YOUR TASK -
Line by line, repeat the data below exactly, beginning at the first line and ending at the line with "Property photo 4". Omit pictures.

Start of MATERIAL PROVIDED

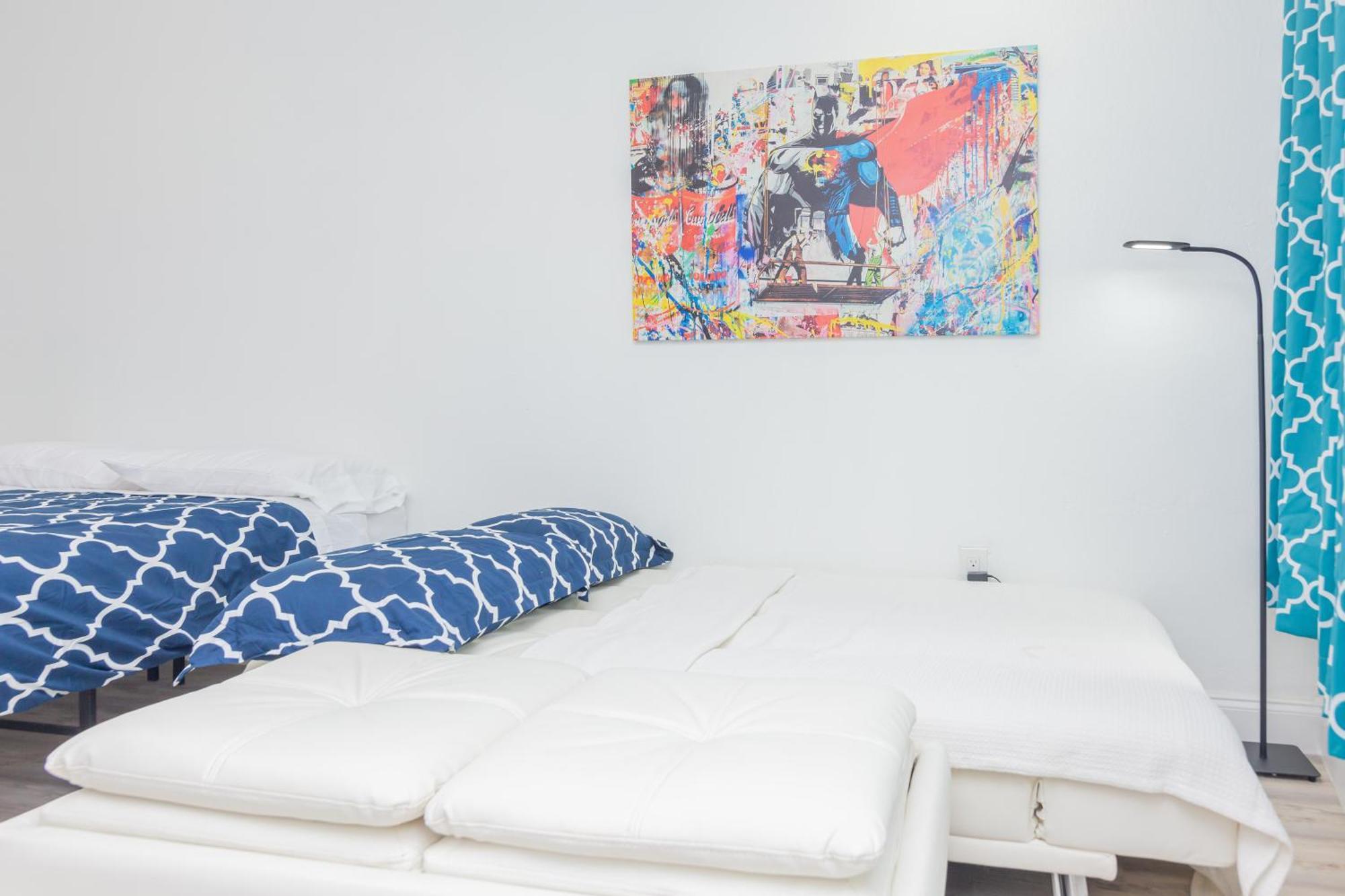 Ocean Drive Deco W/2 Queen Beds, Steps 2 Apartment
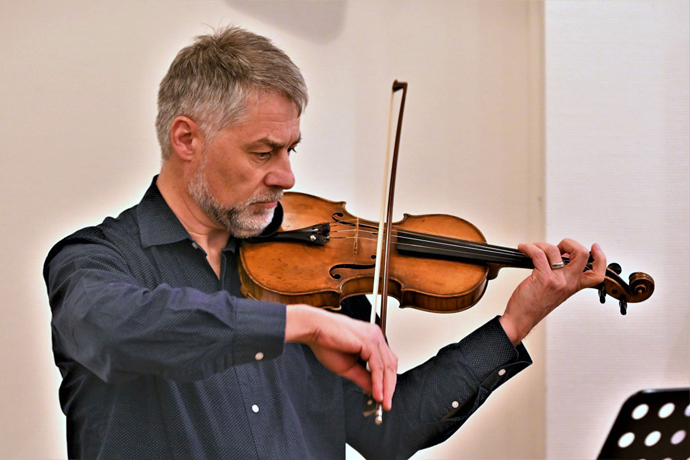 O bispo recém-eleito Stefan Zürcher toca violino durante a reunião da Comissão Permanente para Assuntos da Conferência Central. A comissão lida com questões que afetam as regiões da Igreja Metodista Unida em África, Europa e Filipinas. Zürcher deve se tornar bispo da Conferência Central da Europa Central e Meridional em Agosto. Foto de Klaus Ulrich Ruof, Conferência Central da Alemanha.
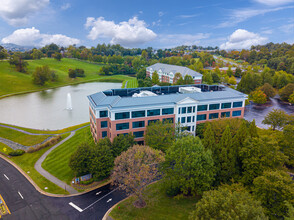 675 Peter Jefferson Pky, Charlottesville, VA à louer Aérien– Image 1 sur 8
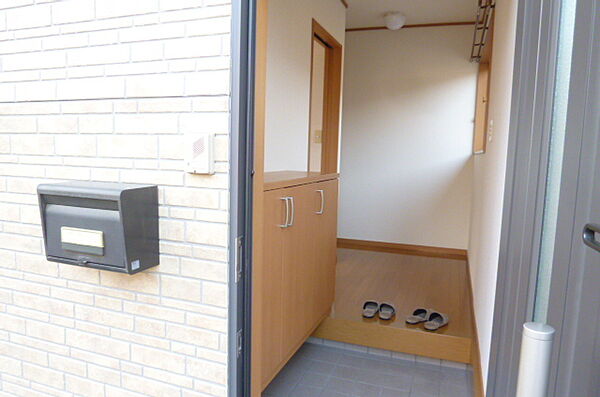 detached 群馬県伊勢崎市市場町２丁目894-1

地図を見る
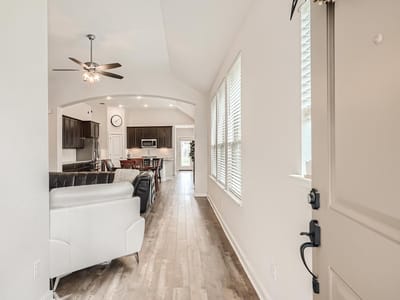 Property photo 4 at 231 Spinnaker LOOP - 3 bed 2 bath home
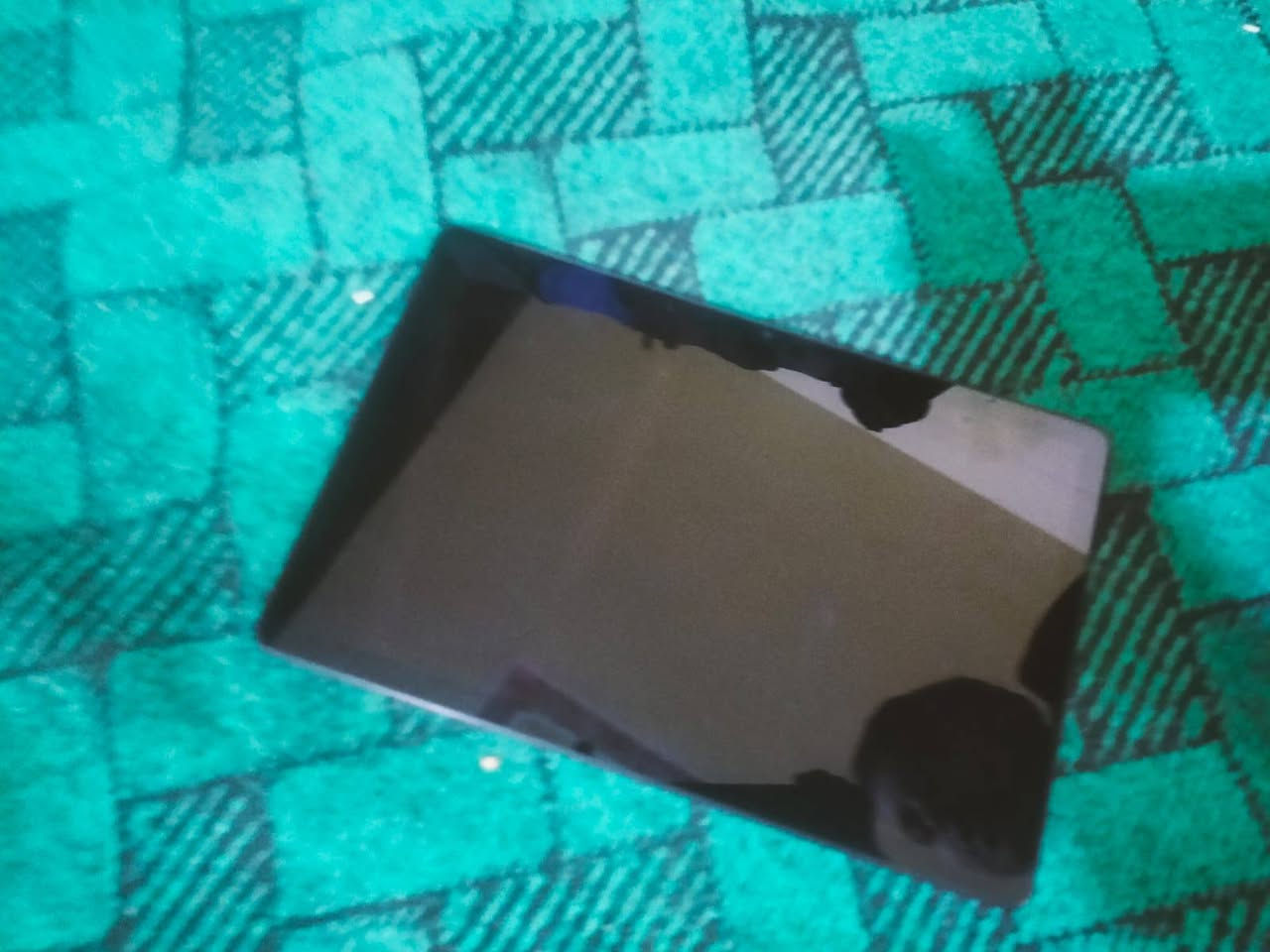 السلام عليكم ايباد GT11 كلشي مابي بوبجي 90 افريم ذاكره 256 السعر 220 وبي مجال العنوان الشطره الفتاحيه الرقم ***********
وبي واتساب
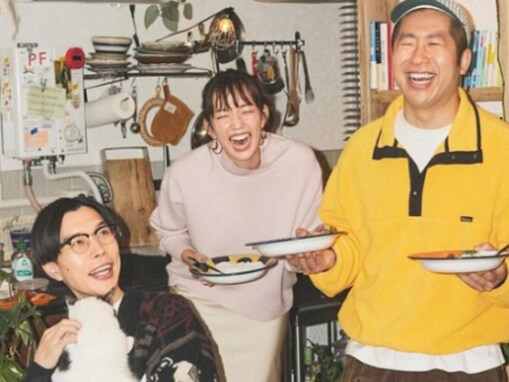 佐藤栞里、ハライチとシェアハウス!? 生活感あふれる姿に反響！ 「目茶苦茶楽しそう」「もうタワレコのポスター」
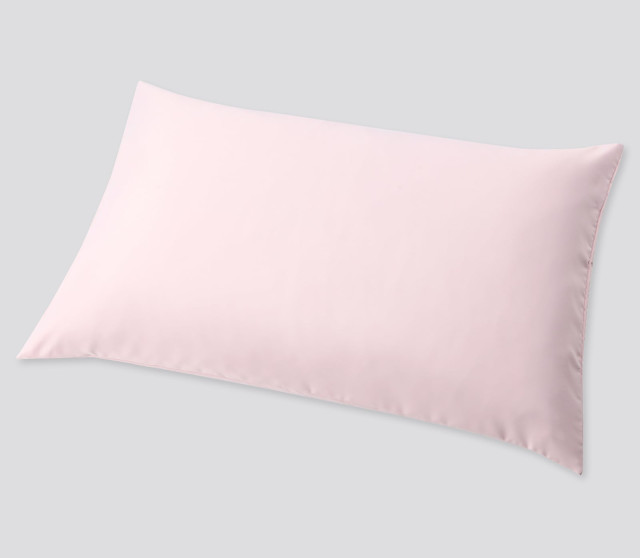 Uniqlo Airism Medium Pillowcase in Pink
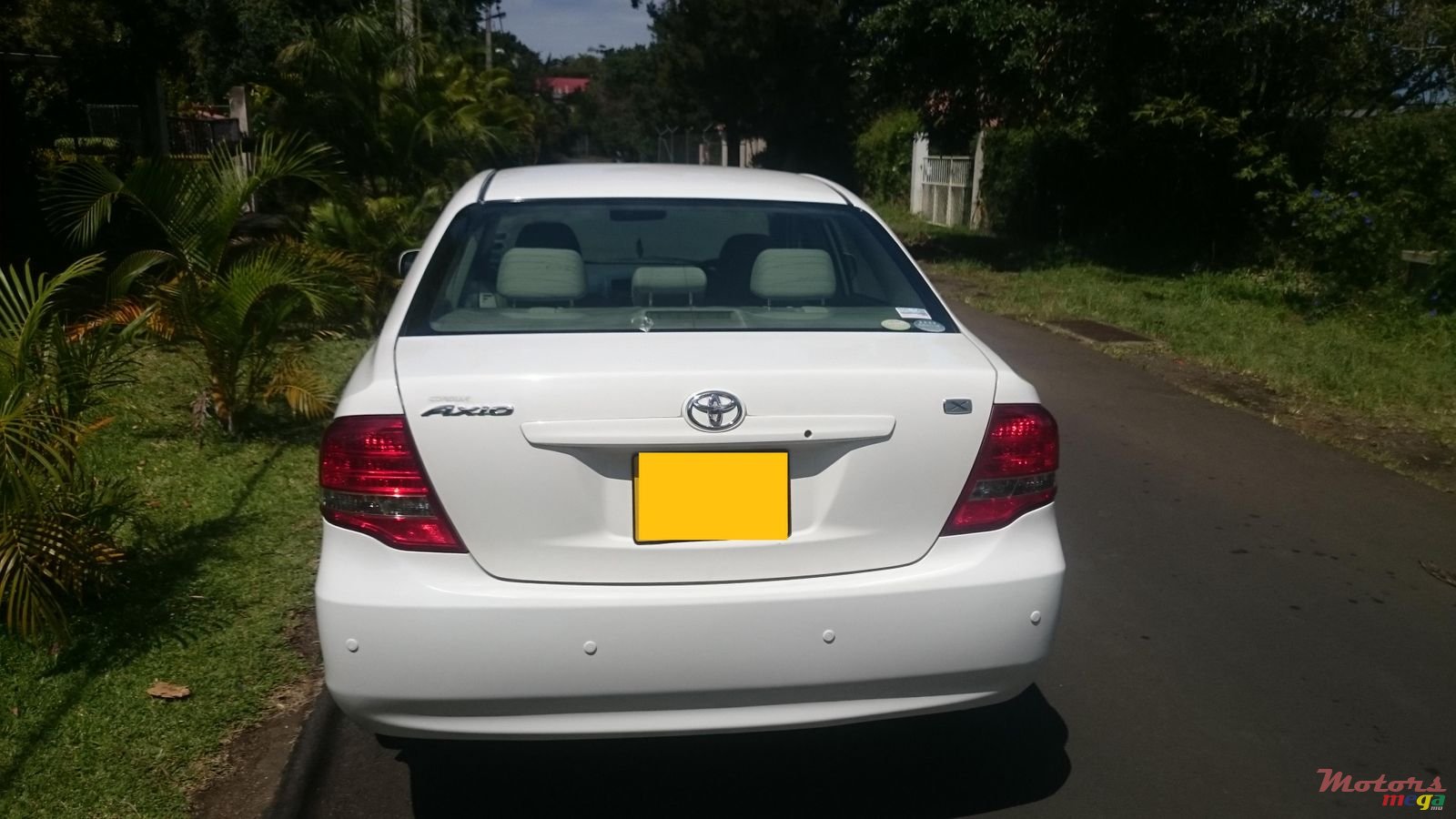 2009' Toyota Corolla Axio photo #3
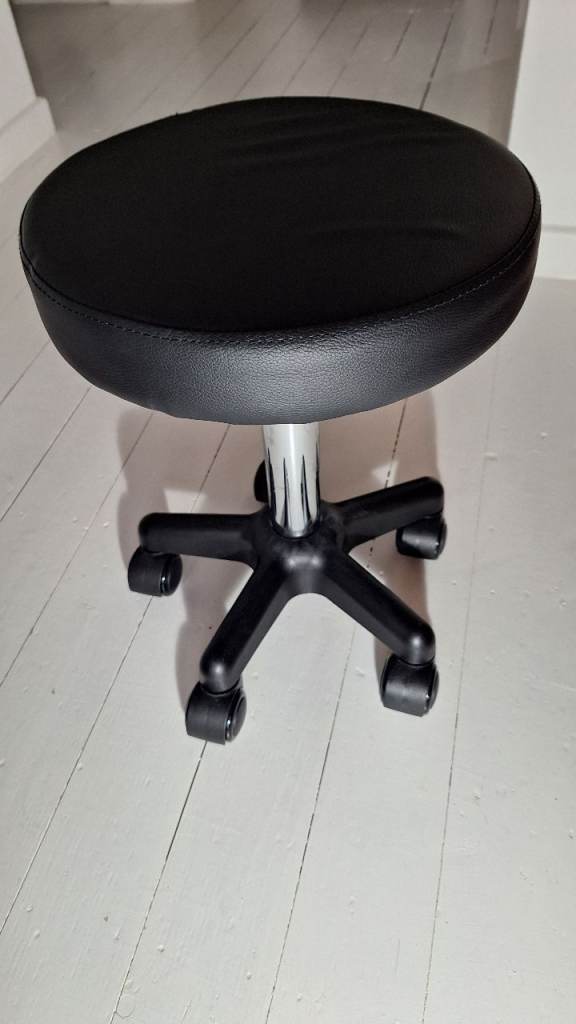 Round rolling stool with wheels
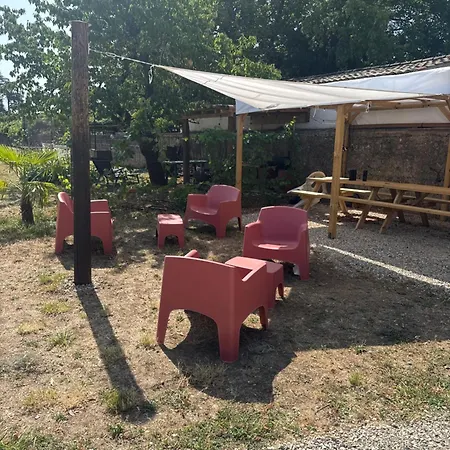 Maison d'hôtes Ou Entier Avec Grand Terrain Et Piscine Andancette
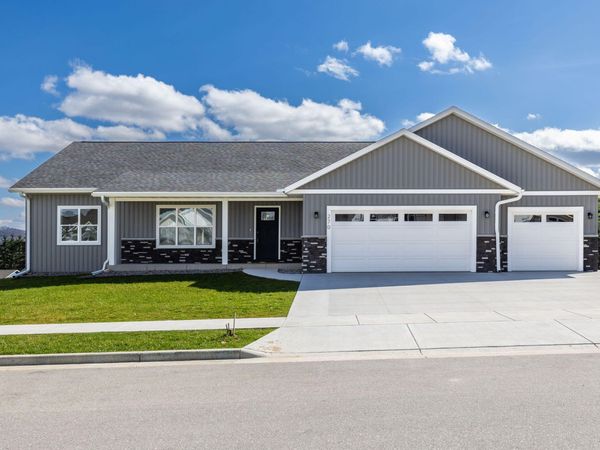 270 Southern Dr, Holmen, WI 54636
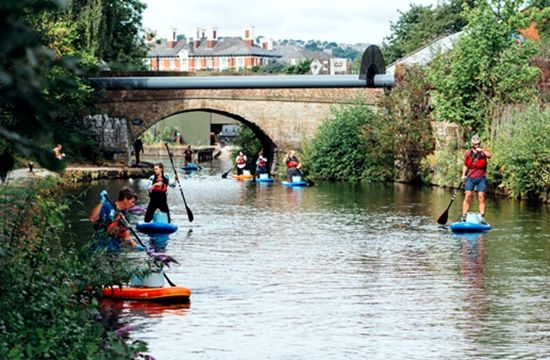 监测报告显示，英国河流塑料污染严重。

End of MATERIAL PROVIDED

SOLUTION BELOW -
 Ocean Drive Deco W/2 Queen Beds, Steps 2 Apartment
 O bispo recém-eleito Stefan Zürcher toca violino durante a reunião da Comissão Permanente para Assuntos da Conferência Central. A comissão lida com questões que afetam as regiões da Igreja Metodista Unida em África, Europa e Filipinas. Zürcher deve se tornar bispo da Conferência Central da Europa Central e Meridional em Agosto. Foto de Klaus Ulrich Ruof, Conferência Central da Alemanha.
 675 Peter Jefferson Pky, Charlottesville, VA à louer Aérien– Image 1 sur 8
 detached 群馬県伊勢崎市市場町２丁目894-1

地図を見る
 Property photo 4 at 231 Spinnaker LOOP - 3 bed 2 bath home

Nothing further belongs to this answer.